CLIP was built to address the following challenges in No Particular Order

Costly datasets
Narrow Scope of Benchmark Datasets - (Going beyond 10, 100, 1000/N classes)
Poor Real World Performance

Pretraining the CLIP Model

‍

The Contrastive Language Image Pre-training (CLIP) model involves the following process:

We start with paired text and image inputs.
At each step, a batch is randomly sampled from a large dataset of these pairs.
The text is converted into feature vectors (T1, T2, …, TN) using a text encoder, while the images are similarly transformed using an image encoder, resulting in image feature vectors (I1, I2, …, IN).
We then calculate the cosine similarities between the text and image vectors. In the figure above, the matching text and image pairs are highlighted in blue (I1.T1, I2.T2, …, IN.TN).
For contrastive pre-training, our goal is for these highlighted similarity values to be high. This indicates that matching texts and images are mapped to a similar region in the feature space and the remaining similarities should be lower.
To accomplish this, we treat the similarity values as scaled logits and input them into a softmax classifier. This effectively transforms the problem into a classification task and we aim to minimise the Cross Entropy Loss. (We want each pair of images and texts to have a high probability.)
We repeat this for all image and text pairs in the batch and aim to minimise the average Cross Entropy Loss, which corresponds to the InfoNCE loss.
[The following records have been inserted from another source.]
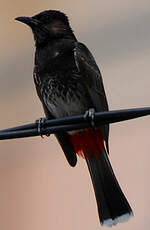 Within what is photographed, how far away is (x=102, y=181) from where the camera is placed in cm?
415

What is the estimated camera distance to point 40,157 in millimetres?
5531

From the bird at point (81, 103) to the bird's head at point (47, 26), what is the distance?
1 centimetres

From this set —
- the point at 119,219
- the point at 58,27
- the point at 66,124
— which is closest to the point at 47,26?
the point at 58,27

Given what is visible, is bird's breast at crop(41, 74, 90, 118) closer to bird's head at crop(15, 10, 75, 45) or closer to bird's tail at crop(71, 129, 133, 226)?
bird's tail at crop(71, 129, 133, 226)

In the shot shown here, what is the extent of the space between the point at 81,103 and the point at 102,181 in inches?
14.6

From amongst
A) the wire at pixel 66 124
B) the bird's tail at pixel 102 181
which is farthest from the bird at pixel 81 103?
the wire at pixel 66 124

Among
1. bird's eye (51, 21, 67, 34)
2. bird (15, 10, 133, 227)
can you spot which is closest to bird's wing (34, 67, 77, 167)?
bird (15, 10, 133, 227)

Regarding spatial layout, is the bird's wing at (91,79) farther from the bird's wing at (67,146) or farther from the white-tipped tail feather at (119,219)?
the white-tipped tail feather at (119,219)

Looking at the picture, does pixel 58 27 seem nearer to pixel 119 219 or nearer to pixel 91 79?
pixel 91 79

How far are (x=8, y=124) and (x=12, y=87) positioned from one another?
0.24 metres

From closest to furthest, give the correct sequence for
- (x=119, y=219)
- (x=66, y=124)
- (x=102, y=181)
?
(x=66, y=124) < (x=119, y=219) < (x=102, y=181)

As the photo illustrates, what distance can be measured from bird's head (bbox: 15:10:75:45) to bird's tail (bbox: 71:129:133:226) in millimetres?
516

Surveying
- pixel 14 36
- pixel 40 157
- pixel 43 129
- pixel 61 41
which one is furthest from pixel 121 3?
pixel 43 129

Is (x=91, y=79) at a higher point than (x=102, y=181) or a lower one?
higher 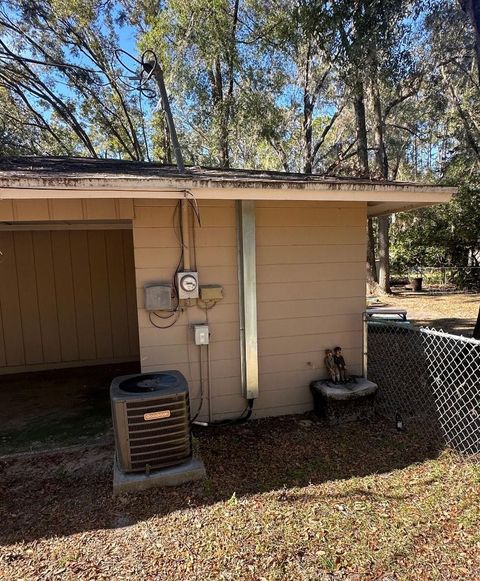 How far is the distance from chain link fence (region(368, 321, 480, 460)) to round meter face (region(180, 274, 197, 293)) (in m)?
2.00

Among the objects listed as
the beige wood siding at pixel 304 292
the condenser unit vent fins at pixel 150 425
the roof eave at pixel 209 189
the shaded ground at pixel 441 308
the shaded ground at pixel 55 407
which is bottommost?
the shaded ground at pixel 55 407

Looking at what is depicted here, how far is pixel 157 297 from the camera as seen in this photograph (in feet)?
11.1

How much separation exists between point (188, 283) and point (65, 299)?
10.5ft

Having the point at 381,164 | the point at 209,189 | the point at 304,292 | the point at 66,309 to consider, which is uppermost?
the point at 381,164

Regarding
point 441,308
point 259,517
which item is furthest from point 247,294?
point 441,308

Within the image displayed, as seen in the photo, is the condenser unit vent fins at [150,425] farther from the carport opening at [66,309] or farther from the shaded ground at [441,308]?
the shaded ground at [441,308]

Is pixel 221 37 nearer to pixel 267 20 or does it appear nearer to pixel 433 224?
pixel 267 20

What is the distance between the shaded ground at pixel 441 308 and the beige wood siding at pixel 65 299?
5799 mm

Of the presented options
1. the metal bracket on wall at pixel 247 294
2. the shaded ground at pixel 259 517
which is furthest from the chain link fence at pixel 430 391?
the metal bracket on wall at pixel 247 294

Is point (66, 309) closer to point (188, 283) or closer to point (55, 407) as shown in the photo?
point (55, 407)

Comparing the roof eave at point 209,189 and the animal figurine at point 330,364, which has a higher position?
the roof eave at point 209,189

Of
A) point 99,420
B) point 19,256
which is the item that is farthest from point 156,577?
point 19,256

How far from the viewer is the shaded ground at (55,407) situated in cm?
353

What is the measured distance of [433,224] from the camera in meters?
15.3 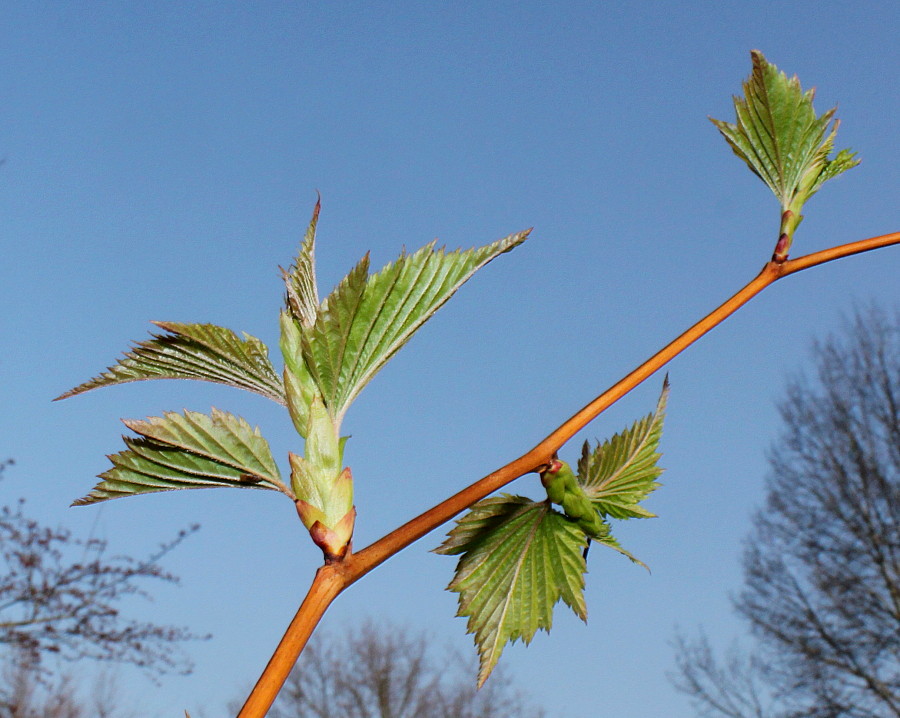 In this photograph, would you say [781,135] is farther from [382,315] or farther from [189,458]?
[189,458]

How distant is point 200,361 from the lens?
434 mm

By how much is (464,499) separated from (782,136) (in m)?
0.35

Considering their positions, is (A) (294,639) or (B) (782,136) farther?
(B) (782,136)

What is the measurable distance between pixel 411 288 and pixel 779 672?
11.8 m

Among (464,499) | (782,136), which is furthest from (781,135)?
(464,499)

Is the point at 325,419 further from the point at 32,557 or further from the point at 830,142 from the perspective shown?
the point at 32,557

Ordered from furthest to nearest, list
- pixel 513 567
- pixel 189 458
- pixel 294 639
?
pixel 513 567 → pixel 189 458 → pixel 294 639

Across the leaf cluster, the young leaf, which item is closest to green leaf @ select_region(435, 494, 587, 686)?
the leaf cluster

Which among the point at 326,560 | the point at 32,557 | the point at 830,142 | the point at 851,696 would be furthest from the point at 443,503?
the point at 851,696

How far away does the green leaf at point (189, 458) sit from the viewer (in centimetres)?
42

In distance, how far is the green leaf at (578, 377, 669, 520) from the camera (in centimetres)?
52

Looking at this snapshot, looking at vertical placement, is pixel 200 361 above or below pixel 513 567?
above

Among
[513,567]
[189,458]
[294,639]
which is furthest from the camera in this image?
[513,567]

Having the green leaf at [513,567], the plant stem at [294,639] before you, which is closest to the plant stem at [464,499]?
the plant stem at [294,639] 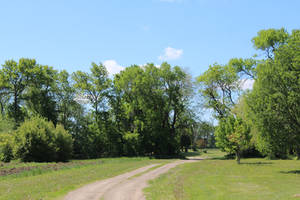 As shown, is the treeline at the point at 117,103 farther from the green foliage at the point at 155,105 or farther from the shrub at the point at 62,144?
the shrub at the point at 62,144

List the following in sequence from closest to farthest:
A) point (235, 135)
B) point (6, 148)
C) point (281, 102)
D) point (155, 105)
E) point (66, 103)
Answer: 1. point (281, 102)
2. point (235, 135)
3. point (6, 148)
4. point (155, 105)
5. point (66, 103)

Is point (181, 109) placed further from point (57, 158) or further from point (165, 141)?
point (57, 158)

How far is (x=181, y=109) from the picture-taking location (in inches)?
2175

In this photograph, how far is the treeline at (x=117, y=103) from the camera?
5511 centimetres

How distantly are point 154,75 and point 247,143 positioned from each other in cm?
→ 2418

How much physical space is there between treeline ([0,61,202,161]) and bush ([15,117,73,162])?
1285 centimetres

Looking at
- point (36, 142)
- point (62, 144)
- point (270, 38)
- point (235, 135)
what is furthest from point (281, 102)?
point (62, 144)

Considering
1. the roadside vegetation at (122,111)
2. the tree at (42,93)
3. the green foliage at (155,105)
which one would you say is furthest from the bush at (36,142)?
the tree at (42,93)

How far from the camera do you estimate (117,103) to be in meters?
60.4

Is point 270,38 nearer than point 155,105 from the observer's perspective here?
Yes

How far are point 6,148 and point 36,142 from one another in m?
5.72

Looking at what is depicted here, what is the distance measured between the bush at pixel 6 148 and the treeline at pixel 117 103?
1199 cm

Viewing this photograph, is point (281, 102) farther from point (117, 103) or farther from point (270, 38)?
point (117, 103)

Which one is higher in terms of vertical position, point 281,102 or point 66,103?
point 66,103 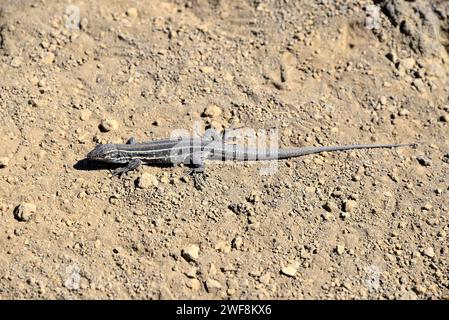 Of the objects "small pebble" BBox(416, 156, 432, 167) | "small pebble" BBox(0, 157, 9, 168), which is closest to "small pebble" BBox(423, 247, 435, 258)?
"small pebble" BBox(416, 156, 432, 167)

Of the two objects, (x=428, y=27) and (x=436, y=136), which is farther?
(x=428, y=27)

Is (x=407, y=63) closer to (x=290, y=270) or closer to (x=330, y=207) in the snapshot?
(x=330, y=207)

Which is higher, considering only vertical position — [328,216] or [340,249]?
[328,216]

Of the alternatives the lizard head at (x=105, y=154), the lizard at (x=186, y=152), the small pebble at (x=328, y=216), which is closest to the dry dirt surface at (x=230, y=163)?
the small pebble at (x=328, y=216)

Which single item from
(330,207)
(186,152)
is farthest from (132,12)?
(330,207) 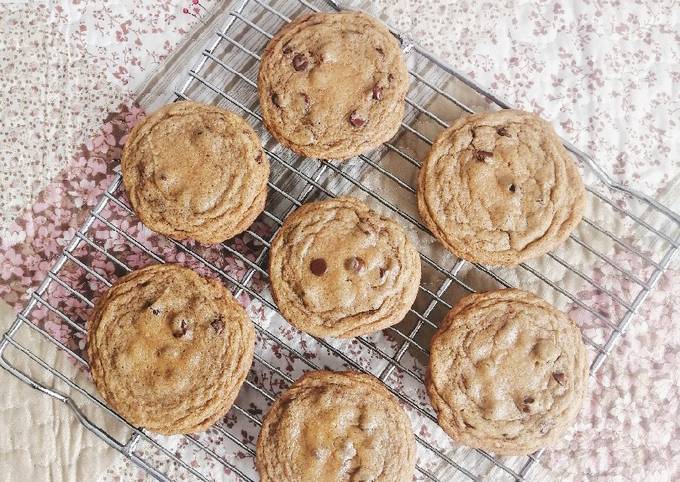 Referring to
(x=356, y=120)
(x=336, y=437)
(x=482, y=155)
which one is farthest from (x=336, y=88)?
(x=336, y=437)

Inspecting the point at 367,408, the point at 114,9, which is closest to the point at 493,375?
the point at 367,408

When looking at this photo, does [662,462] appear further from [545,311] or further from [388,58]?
[388,58]

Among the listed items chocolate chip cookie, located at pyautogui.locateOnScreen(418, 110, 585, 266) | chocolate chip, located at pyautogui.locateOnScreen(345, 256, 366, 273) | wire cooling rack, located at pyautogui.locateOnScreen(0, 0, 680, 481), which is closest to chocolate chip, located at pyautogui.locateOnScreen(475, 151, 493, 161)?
chocolate chip cookie, located at pyautogui.locateOnScreen(418, 110, 585, 266)

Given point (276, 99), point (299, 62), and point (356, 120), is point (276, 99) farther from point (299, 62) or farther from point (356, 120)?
point (356, 120)

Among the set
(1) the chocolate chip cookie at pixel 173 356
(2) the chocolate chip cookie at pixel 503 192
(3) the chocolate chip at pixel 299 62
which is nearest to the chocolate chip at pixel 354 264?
(2) the chocolate chip cookie at pixel 503 192

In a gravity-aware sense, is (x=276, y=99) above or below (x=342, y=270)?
above

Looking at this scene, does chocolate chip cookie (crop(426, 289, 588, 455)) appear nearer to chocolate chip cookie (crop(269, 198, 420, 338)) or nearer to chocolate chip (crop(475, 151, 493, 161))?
chocolate chip cookie (crop(269, 198, 420, 338)) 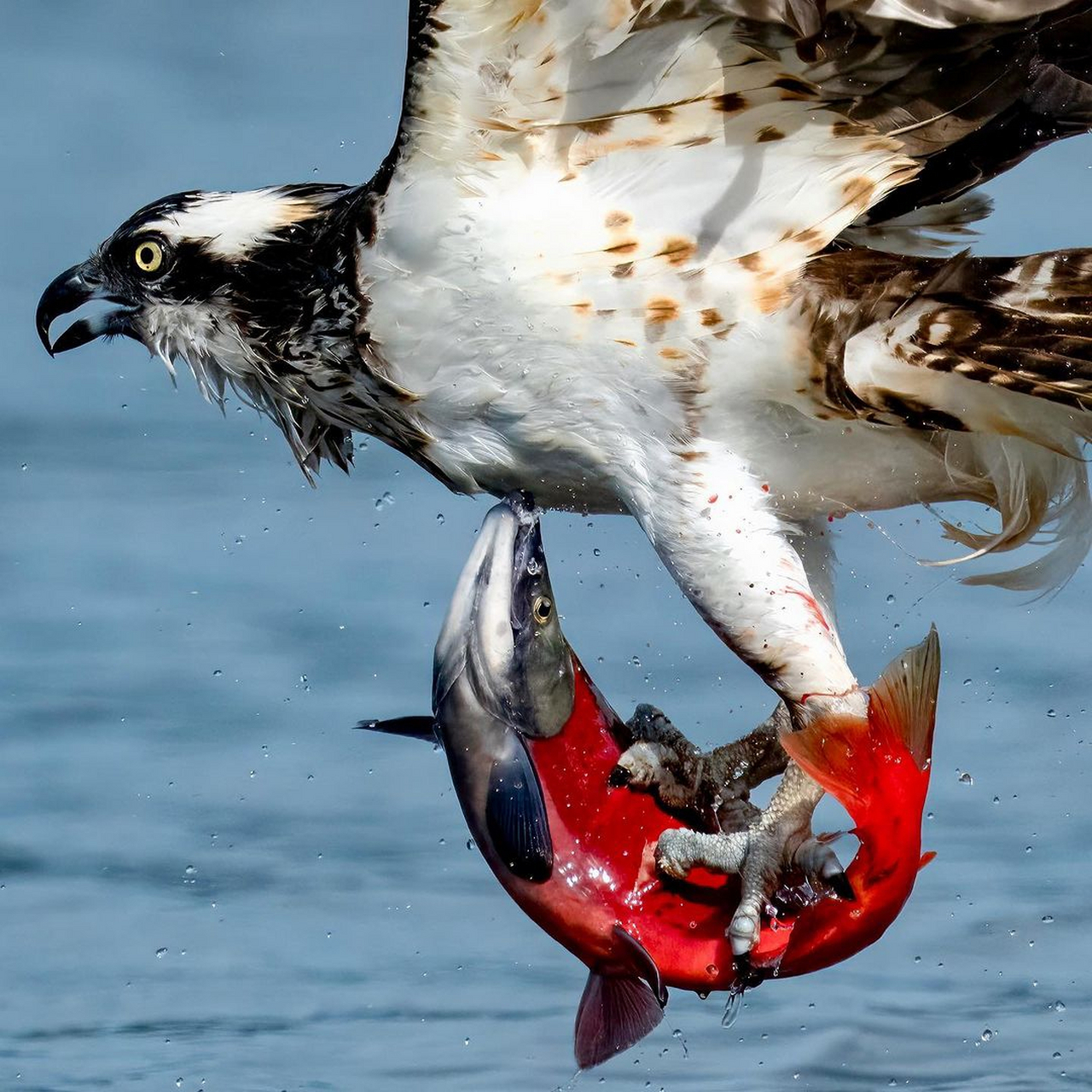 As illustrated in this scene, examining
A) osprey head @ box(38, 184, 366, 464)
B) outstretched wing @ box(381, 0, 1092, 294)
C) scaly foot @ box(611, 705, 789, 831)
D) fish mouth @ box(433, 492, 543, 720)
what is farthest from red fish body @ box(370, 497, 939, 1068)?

CLIP Inference and Additional Details about the Dataset
‍

Each of the potential label text classes is processed through the pre-trained text encoder to generate the text feature vectors (T1, T2, T3, …, TN).
The image to be classified is input into the pre-trained image encoder to generate the image feature vector (I1).
The cosine similarity between each of the text feature vectors (T1, T2, T3, …, TN) and the image feature vector (I1) is calculated.
The text feature vector that yields the highest cosine similarity is deemed the label of the image. This essentially means we're picking the text feature vector that is closest in angular distance to the image feature vector. As shown in the figure above, the highest value is dog.
The CLIP model is trained on 400 million image-text pairs from the internet.
The batch size for the input is 32,768.
32 epochs over the dataset.
Cosine learning rate decay is applied.
The architecture of the image encoder is ResNet-based or ViT-based.
The architecture of the text encoder is Transformer-based.

‍